====== Records provided

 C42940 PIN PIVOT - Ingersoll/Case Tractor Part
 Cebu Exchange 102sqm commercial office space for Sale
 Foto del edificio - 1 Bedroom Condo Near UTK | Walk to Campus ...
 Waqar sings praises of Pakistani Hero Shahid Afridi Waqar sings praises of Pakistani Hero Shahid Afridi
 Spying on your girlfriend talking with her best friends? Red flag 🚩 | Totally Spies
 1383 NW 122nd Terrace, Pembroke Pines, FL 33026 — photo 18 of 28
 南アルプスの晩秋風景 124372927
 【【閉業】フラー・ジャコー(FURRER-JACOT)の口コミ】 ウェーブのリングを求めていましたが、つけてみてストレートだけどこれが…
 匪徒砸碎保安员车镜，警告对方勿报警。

============

=== What you are asked to do ===
An exact copy is needed of the closing lines of the entries above, counting from the one that contains "1383 NW 122nd" and including it and the last.

=== Task answer ===
 1383 NW 122nd Terrace, Pembroke Pines, FL 33026 — photo 18 of 28
 南アルプスの晩秋風景 124372927
 【【閉業】フラー・ジャコー(FURRER-JACOT)の口コミ】 ウェーブのリングを求めていましたが、つけてみてストレートだけどこれが…
 匪徒砸碎保安员车镜，警告对方勿报警。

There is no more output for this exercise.